- Directions
Omit the pictures. Transcribe exactly the lines below, from the one with "Callaway Stitch Magnetic Adjustable Mens Hat 8" up to and including the last.

- Source data
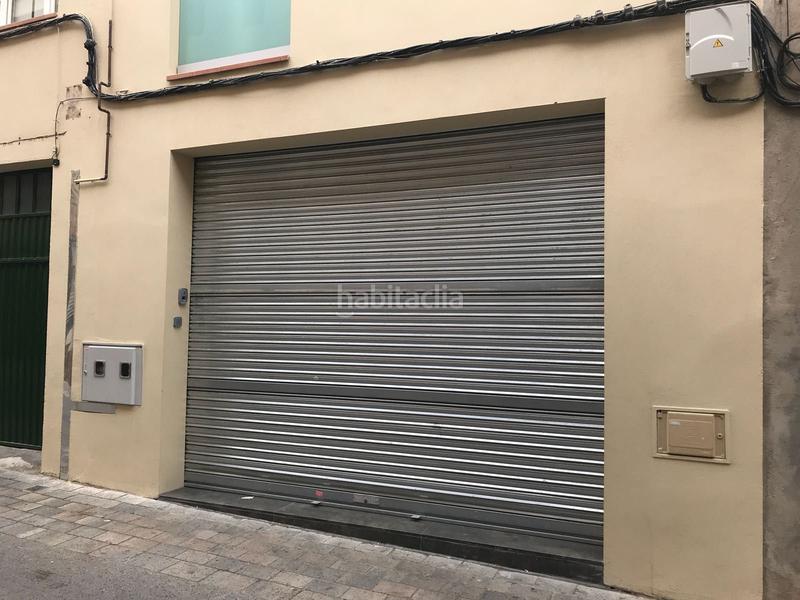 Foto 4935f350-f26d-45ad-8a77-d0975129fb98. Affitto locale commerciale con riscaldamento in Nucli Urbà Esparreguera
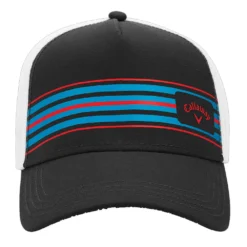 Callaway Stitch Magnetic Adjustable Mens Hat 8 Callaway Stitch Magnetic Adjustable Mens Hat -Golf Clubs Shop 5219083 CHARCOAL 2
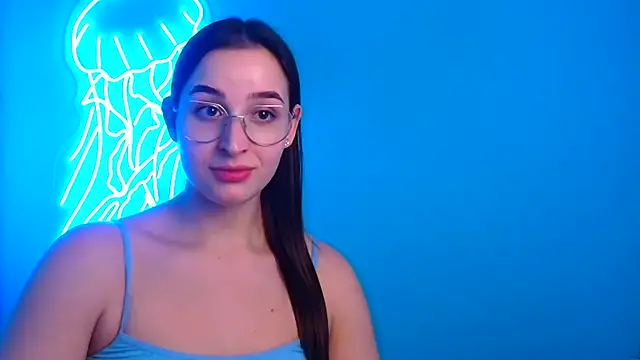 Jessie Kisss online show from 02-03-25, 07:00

- Answer box
 Callaway Stitch Magnetic Adjustable Mens Hat 8 Callaway Stitch Magnetic Adjustable Mens Hat -Golf Clubs Shop 5219083 CHARCOAL 2
 Jessie Kisss online show from 02-03-25, 07:00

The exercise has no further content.